On 29 June 2011, the liquidators of WFL had sought and obtained directions from Dodds-Streeton J of the Federal Court that they were justified in –

(a) amending the constitutions of the registered MIS and certain investment deeds to confer on WFL a power to terminate Growers’ rights, on condition that Court approval is obtained before doing so; and

(b) disclaiming the project documents of other MIS as onerous pursuant to s 568(1) of the Corporations Act 2001 (Cth), on condition that the Court’s consent is obtained before doing so.

Application under s 511 of the Act for Judicial Advice – Questions to be Decided 

The liquidators applied to the Court to obtain those orders and sought a range of directions under s 511 of the Act, including as to a proposed distribution of the proceeds of sale. The receivers of WFL and Growers were not joined as parties. However the receivers and two groups representing the interests of Growers – Willmott Growers Group Inc (WGG) and the Willmott Action Group Inc (WAG) – were given leave to intervene. The receivers supported the application; the Grower groups opposed it.

There were 10 questions identified for the Court’s consideration in order to determine the applications before the Court (see [34] and [129]). Those questions – together with the answers given – were –

1. Are the questions that arise for determination in the applications suitable for determination pursuant to s 511 of the Act?  Answer: Yes.

2. Are the liquidators able to disclaim the Growers’ leases with the effect of extinguishing the Growers’ leasehold estate or interest in the subject land? Answer: No.

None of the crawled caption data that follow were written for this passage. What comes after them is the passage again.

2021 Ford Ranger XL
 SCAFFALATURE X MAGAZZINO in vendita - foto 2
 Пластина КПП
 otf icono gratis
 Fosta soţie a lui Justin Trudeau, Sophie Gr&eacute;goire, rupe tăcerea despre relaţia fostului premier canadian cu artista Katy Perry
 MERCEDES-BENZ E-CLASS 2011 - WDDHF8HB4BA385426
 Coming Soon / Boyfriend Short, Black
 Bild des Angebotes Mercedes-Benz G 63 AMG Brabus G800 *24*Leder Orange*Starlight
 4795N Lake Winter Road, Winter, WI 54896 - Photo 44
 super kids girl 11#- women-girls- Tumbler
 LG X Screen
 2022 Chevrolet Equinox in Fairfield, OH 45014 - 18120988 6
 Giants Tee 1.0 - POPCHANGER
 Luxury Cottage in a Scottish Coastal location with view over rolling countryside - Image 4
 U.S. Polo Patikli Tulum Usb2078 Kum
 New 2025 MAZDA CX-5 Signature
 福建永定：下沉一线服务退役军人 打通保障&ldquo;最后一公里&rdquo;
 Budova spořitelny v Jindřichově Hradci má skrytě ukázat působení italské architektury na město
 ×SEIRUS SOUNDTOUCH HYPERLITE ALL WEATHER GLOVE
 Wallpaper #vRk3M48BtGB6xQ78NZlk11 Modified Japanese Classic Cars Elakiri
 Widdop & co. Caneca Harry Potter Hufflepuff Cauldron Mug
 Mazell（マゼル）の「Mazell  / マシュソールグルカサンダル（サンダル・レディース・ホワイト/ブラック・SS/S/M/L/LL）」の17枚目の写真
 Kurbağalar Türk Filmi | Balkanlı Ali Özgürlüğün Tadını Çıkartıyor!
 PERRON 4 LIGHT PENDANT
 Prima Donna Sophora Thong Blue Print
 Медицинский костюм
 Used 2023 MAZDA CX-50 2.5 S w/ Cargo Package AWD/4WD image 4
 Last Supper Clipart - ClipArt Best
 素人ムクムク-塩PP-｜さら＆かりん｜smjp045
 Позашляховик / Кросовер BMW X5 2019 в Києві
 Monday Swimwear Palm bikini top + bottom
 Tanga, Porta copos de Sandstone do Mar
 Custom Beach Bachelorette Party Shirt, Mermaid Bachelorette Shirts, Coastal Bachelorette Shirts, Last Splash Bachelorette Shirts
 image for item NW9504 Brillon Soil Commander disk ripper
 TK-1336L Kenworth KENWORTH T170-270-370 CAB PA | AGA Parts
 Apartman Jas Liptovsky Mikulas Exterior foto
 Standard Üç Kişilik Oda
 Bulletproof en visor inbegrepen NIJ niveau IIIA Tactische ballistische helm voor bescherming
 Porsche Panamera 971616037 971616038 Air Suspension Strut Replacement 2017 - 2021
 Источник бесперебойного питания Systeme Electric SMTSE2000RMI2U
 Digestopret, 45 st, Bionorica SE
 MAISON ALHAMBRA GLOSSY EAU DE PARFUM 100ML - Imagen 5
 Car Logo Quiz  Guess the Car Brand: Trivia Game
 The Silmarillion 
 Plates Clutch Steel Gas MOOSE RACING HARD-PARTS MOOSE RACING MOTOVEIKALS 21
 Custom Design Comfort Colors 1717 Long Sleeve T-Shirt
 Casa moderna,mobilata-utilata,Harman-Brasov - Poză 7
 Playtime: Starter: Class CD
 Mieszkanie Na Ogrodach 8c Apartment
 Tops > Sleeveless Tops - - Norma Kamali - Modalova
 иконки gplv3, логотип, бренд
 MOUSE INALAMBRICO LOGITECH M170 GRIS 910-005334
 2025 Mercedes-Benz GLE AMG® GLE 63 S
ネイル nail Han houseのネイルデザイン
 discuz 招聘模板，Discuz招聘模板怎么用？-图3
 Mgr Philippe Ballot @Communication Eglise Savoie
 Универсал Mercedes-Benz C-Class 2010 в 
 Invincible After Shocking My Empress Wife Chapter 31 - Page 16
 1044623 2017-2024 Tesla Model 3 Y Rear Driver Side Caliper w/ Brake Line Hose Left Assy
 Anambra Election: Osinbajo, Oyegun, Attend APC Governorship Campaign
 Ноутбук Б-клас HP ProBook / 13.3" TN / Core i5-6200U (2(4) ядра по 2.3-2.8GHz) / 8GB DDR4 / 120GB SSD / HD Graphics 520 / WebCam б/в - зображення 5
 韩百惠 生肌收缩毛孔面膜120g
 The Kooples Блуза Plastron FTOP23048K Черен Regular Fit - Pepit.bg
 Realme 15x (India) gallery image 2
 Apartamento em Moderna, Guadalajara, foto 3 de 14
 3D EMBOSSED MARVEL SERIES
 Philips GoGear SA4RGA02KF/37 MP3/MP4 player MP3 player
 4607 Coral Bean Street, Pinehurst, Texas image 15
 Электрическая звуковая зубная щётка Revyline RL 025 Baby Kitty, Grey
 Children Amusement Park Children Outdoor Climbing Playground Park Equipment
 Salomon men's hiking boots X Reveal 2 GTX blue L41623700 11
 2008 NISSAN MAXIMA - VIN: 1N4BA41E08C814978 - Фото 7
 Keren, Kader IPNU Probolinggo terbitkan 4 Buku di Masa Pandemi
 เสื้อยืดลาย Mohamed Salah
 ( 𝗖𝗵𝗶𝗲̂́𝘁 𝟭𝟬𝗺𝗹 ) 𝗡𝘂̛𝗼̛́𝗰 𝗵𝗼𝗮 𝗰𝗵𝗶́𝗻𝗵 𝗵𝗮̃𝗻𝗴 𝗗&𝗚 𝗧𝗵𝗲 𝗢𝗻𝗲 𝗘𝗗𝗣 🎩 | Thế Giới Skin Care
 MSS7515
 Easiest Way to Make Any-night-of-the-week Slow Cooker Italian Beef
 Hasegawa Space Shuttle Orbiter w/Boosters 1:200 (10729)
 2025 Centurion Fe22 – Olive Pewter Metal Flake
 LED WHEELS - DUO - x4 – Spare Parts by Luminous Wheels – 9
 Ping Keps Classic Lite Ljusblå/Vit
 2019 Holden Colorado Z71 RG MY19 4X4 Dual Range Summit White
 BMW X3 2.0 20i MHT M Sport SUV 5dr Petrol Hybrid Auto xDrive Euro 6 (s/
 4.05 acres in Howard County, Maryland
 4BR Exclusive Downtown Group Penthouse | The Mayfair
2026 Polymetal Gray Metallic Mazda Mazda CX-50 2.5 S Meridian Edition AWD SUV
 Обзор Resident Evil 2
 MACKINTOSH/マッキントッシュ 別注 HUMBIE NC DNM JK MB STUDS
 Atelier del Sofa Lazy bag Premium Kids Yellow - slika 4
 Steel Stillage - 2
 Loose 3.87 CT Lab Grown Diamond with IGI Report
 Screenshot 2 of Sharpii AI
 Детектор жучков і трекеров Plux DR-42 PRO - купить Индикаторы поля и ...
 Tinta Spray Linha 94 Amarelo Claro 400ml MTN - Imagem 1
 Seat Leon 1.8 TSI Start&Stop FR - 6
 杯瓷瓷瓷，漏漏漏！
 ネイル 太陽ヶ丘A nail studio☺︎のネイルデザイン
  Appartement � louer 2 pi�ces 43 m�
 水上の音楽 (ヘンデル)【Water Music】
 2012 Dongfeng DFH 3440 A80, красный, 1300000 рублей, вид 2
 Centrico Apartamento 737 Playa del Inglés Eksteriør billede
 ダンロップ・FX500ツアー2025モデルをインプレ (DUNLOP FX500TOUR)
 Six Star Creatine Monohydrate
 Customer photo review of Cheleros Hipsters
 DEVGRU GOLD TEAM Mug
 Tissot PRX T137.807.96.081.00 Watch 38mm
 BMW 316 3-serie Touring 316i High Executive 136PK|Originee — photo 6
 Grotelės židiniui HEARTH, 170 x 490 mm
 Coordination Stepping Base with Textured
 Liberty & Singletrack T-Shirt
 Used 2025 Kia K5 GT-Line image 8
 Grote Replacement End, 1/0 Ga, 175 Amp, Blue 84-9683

*This was the preliminary question decided on 9 February 2012, with the answer given being “no” (see my previous post here). In view of that decision – now on appeal – the liquidators and purchaser GFP renegotiated the main sale contracts to exclude the land on which the contractual and partnership schemes are operated and hence did not seek a direction that they would be justified in disclaiming the leases relating to the contractual and partnership schemes. However they continued to seek orders that they would be justified in disclaiming the forestry management agreements relating to those schemes. (See [37])

3. Have the liquidators demonstrated on the material that they have acted reasonably and prudently in conducting the sale process and in entering into the main sale contracts and the HVP contract? Answer: Yes.

4. Is the allocation between land and trees justified having regard to the parties’ legal rights; specifically is any of the land owned by WFL “scheme property” in respect of the schemes? Answer: Yes and no; yes, the allocation is justified and it is correctly predicated on the basis that no, WFL does not hold its interest in the freehold and leasehold on which the schemes were conducted on trust for the members of the schemes, it is not “scheme property”.

5. Is the allocation of the sale proceeds from GFP (the main purchaser) between land and trees as proposed by the liquidators reasonable in the circumstances? Answer: Yes.

6. Having regard to the insolvency of the Willmott Group, the viaibility of the schemes and the existence of alternatives to the proposed sale, is the extinguishment of the Growers’ interests pursuant to the Liquidators’ powers under the relevant constitutions and their statutory power under s 568(1) of the Act, as the case may be, justified? Answer: Yes.

7. Is the apportionment between Growers of the sale proceeds from GFP and HVP (the purchasers), in respect of their interests in trees, as proposed by the liquidators, reasonable and justified having regard to the constituent documents of the various schemes? Answer: Yes.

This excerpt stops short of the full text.